I have a dataframe with a long 'comment'-column that includes semi-structered information about the presence of species in several zones for different study sites. The pattern is typically something like the following:
Site | Comment |
---|---|
1 | 1: species A, species B 2a: species A, species C 4: species A |
2 | 2a: species B 2b: species A 4: species C |
Below is a small subset of my data. Please not that it's possible not not all 5 zones are listed. This is when a species was not found for that particular zone. This is not uncommon for Zone 1, but Zone 4 is almost always listed. In other words, I believe I'm dealing with unequal lengths for the matching groups.
I want to use seperate_wider_regex to split the column into two columns and multiple rows.
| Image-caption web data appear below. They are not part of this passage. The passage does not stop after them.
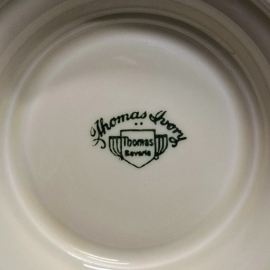 Thomas Ivory Serveerbordje op voet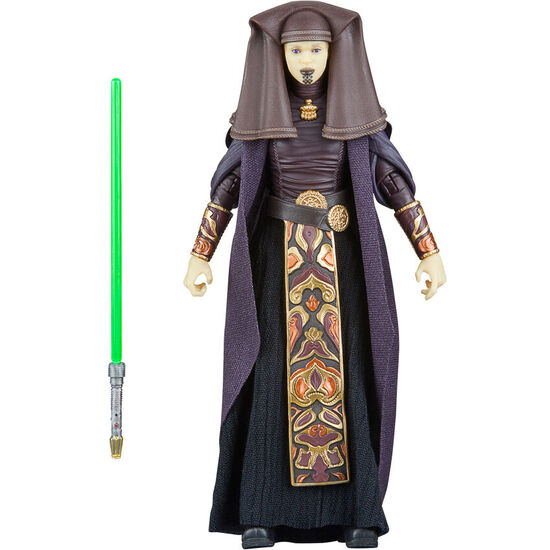 FIGURA LUMINARA UNDULI ATAQUE A LOS CLONES STAR WARS 15CM image 1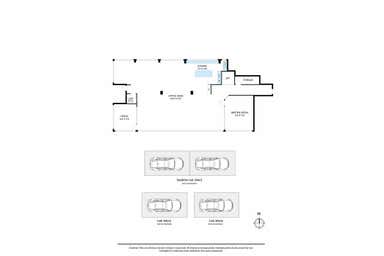 Level 4 (West Tower), 608 St Kilda Rd Melbourne VIC 3004 - Floor Plan 1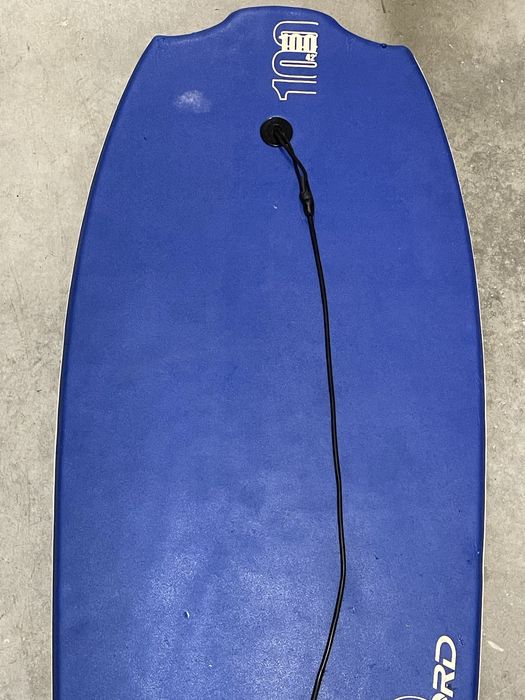 Prancha de bodyboard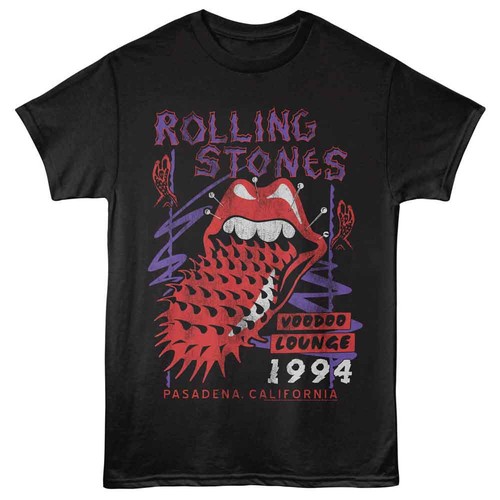 Rolling stones voodoo salon - stones,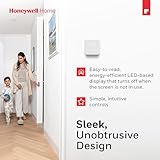 Honeywell Home DT3R Wireless Thermostat for Heating Control with Energy Efficient LED, No WiFi or App Required (White) - Image 6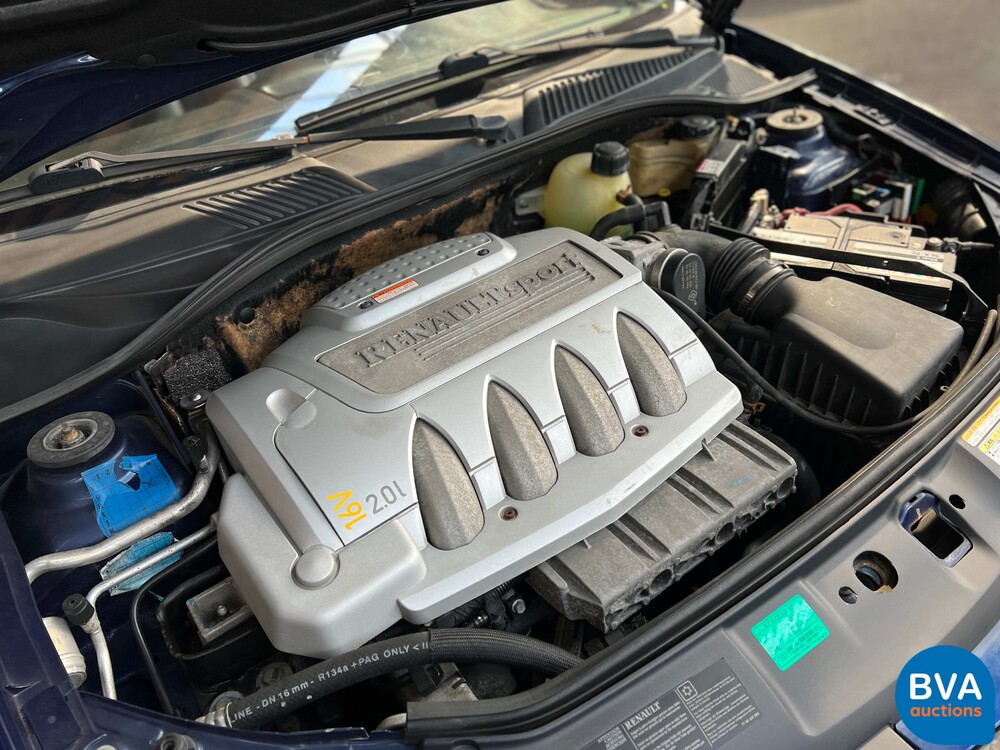 Renault Sport Clio RS2.0 16v 2004 -YOUNGTIMER-.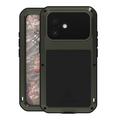 iPhone 17 Love Mei Powerful Hybrid Cover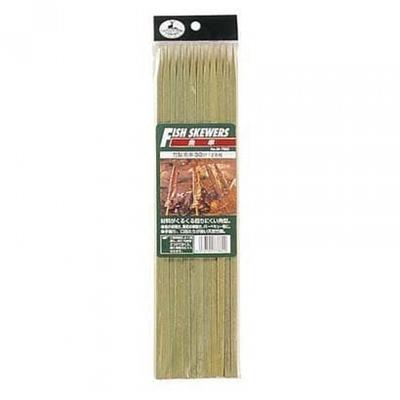 Captain Stag Captain Stag M 7662 [baMboo Visspies 30cM 12 Stuks]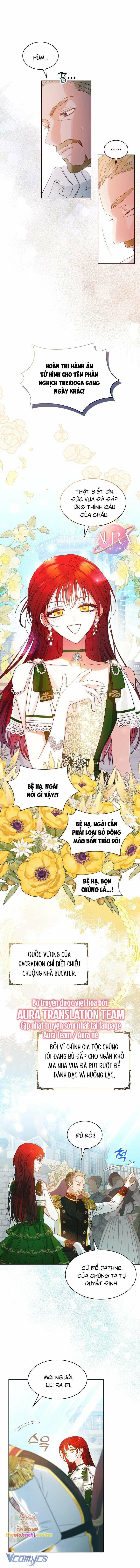 đọc truyện Sau Khi Kết Thúc, Tôi Đã Cứu Rỗi Vai Phản Diện Bằng Tiền Chương 1 ảnh 7 tại Thiên Thai Truyện
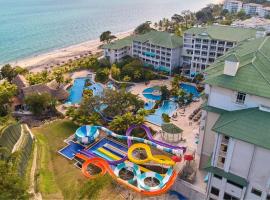 Gran Evenia Bijao - All Inclusive，位于普拉亚布兰卡的海滩酒店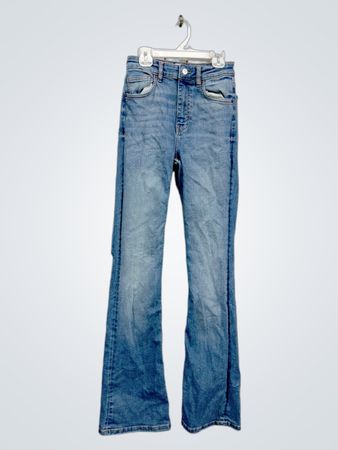Zara Flared Jeans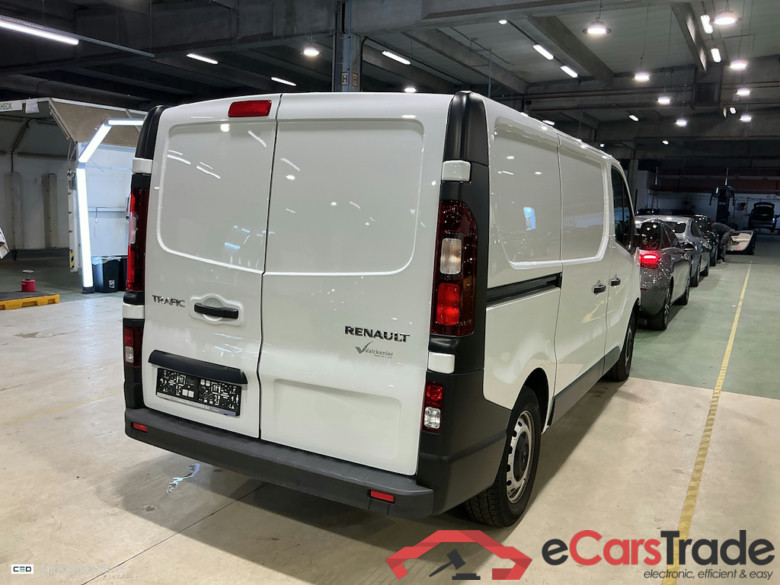 RENAULT Trafic 2.0 DCI 88KW GRAND CONFORT SWB 2.9T #4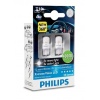 LAMPARAS PHILIPS 12V/W5W LEDS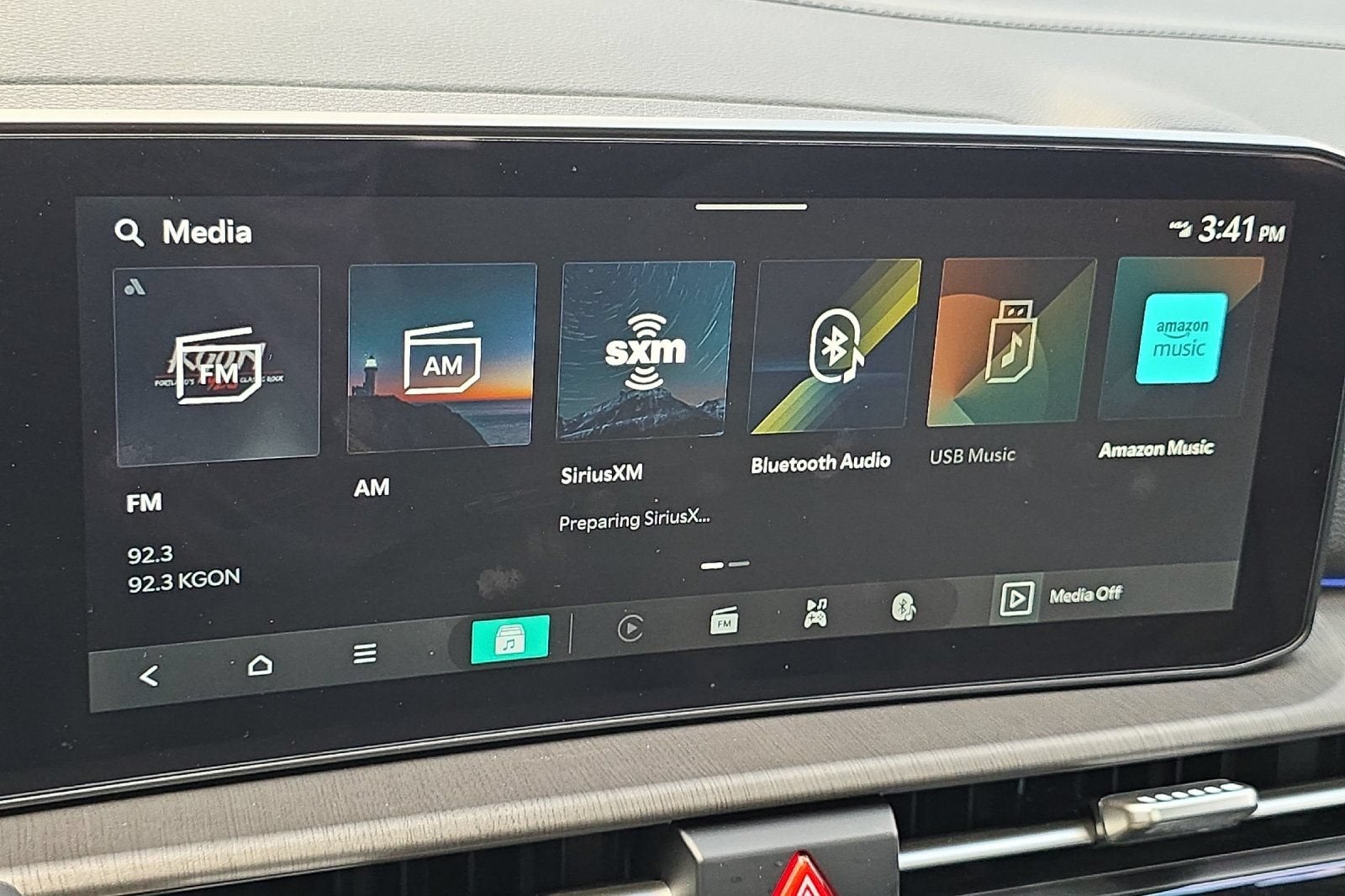 2026 Kia Sportage Plug-In Hybrid X-Line Prestige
With the end result something like this:
Site | Zone | Species |
---|---|---|
1 | 1 | species A, species B |
1 | 2a | species A, species C |
1 | 4 | species A |
2 | 2a | species B |
2 | 2b | species A |
2 | 4 | species C |
I can then pivot the dataframe so that each zone gets it's own colomn with pivot_wider
. I can match all the zones per row with the following regex: "[1-4][ab]?[:]?"
The colon (:) is usually present for the species listings, but not always. I can also match everything between the two patterns, except for zone 4 because there's no pattern to end the match. I thought I could do something like this, but that also doesn't seem to work: ".+?(?=[1-4][ab]?:)|(.*)"
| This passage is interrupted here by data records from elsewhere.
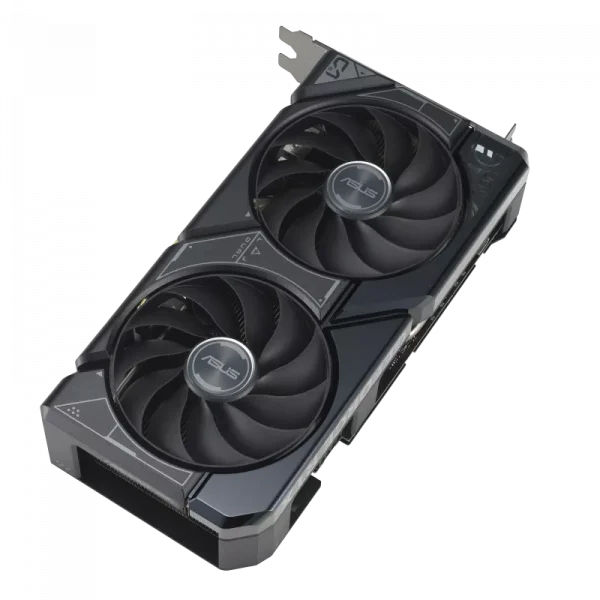 ASUS DUAL GEFORCE RTX 4060 OC EDITION 8GB GDDR6 GRAPHICS CARD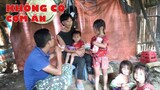 Số Tiền Lớn Của MTQ Đến Với Nhà Nghèo Ở BIÊN GIỚI Việt Nam - Trung Quốc | HOA NẮNG VÙNG CAO.
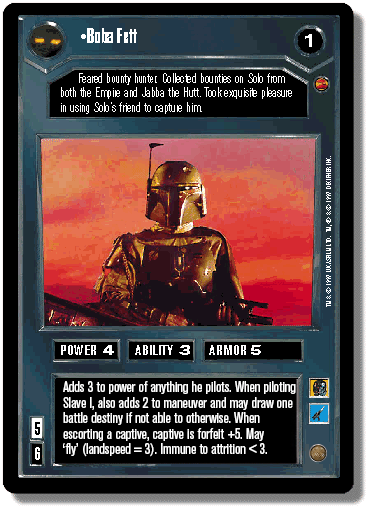 Boba Fett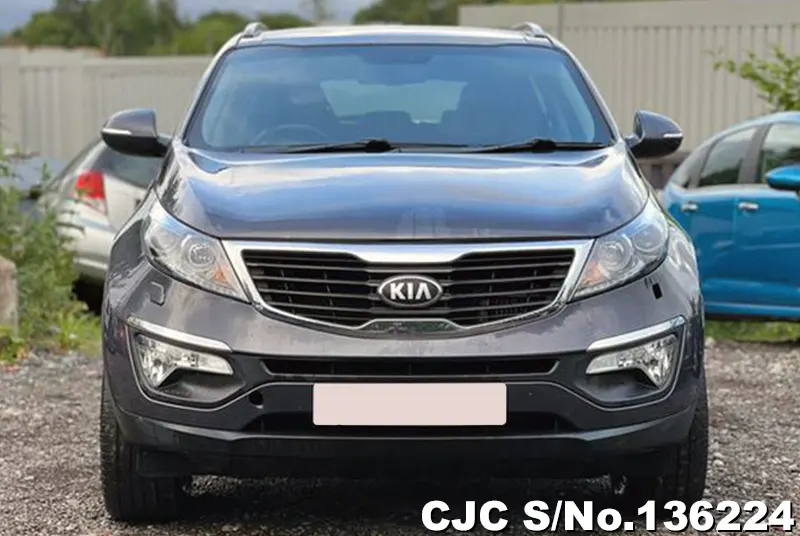 2013 Kia / Sportage Stock No. 136224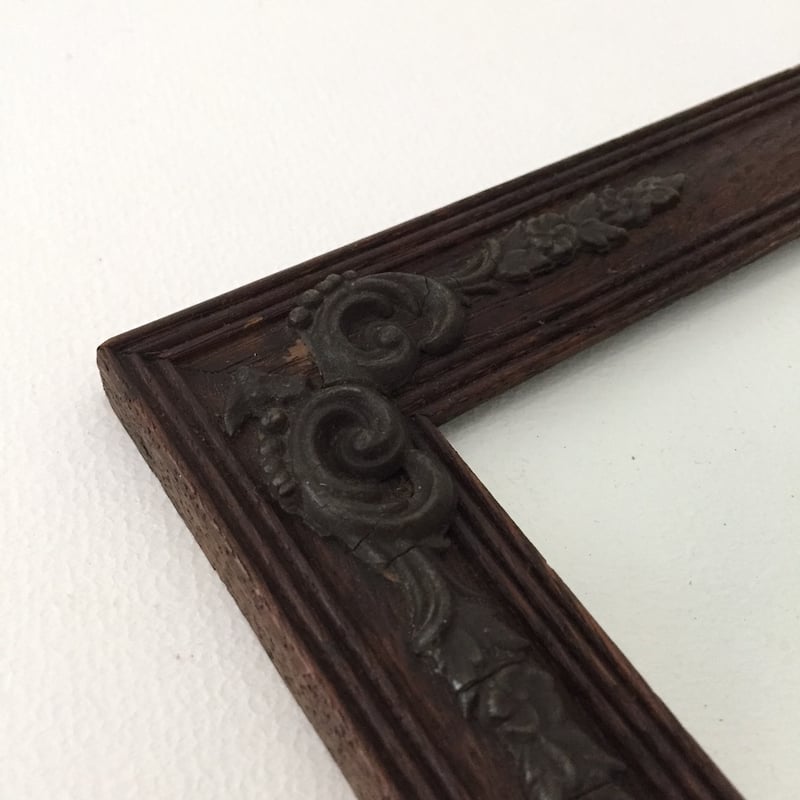 picture frame / アンティーク木製フレーム | cocon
My ideal solution would be using packages from the Tidyverse. Here's a little subset of my data:
library(tidyr)
sample_df <- structure(list(site = 1:2, comment = c("2a: species A, species B 2b: species A, species C 3: species C, species D 4: species A, species B, species C",
"2a: species A, species B, species D 2b: species B 3: species C 4: species C, species D, species E"
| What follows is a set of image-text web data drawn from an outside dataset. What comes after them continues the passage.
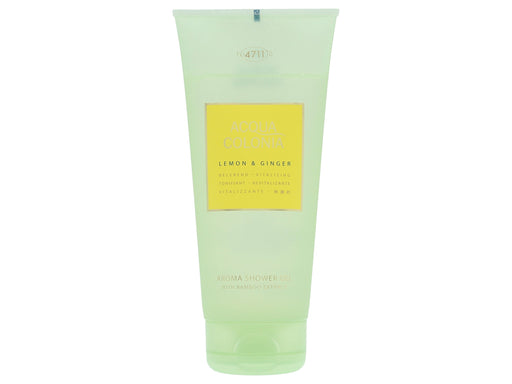 4711 Acqua Colonia Lemon  Ginger Body Lotion 200ml - Body Lotion at MyPerfumeShop by 4711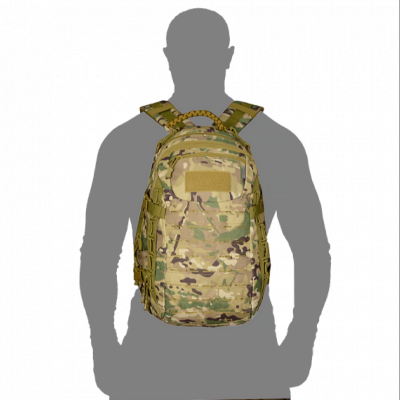 Рюкзак BattleBag LC 7237 Camotec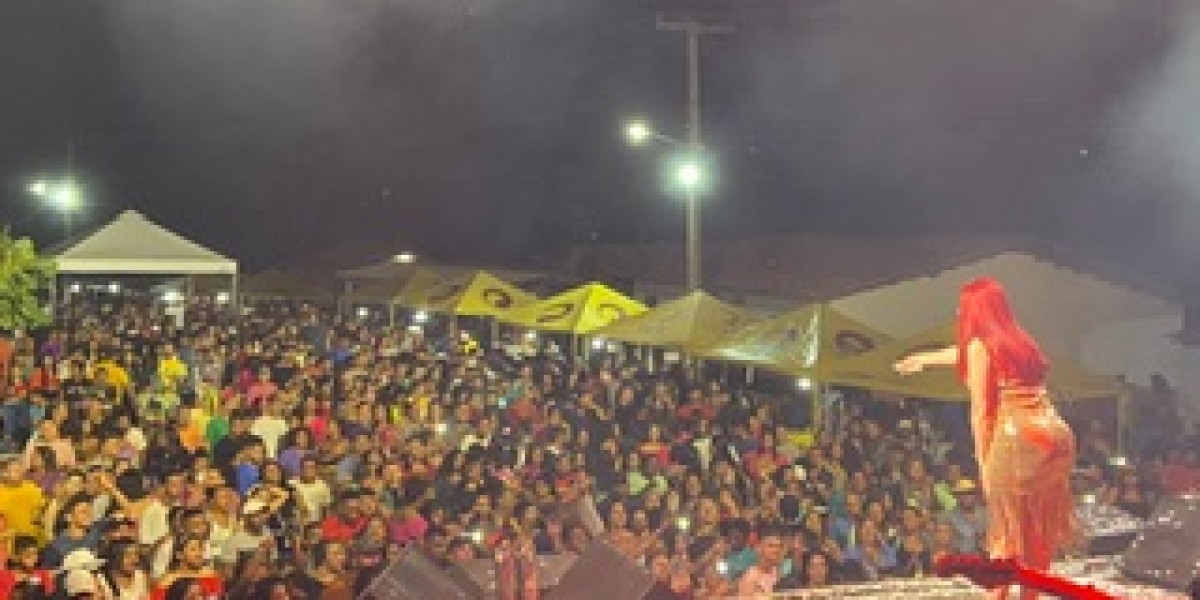Santa Luzia Fest registra recorde de público em noite de encerramento com shows de Brasas do Forró e Marcelo & Rayane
)), row.names = c(NA, -2L), class = c("tbl_df", "tbl", "data.frame"
))
You can try
sample_df %>%
mutate(comment = str_split(comment, "\\s(?=\\S+:)")) %>%
unnest(comment) %>%
separate_wider_regex(comment, c(zone = "[^:]+", ":\\s+", species = ".*"))
which gives
# A tibble: 8 × 3
site zone species
<int> <chr> <chr>
1 1 2a species A, species B
2 1 2b species A, species C
3 1 3 species C, species D
4 1 4 species A, species B, species C
5 2 2a species A, species B, species D
6 2 2b species B
7 2 3 species C
8 2 4 species C, species D, species E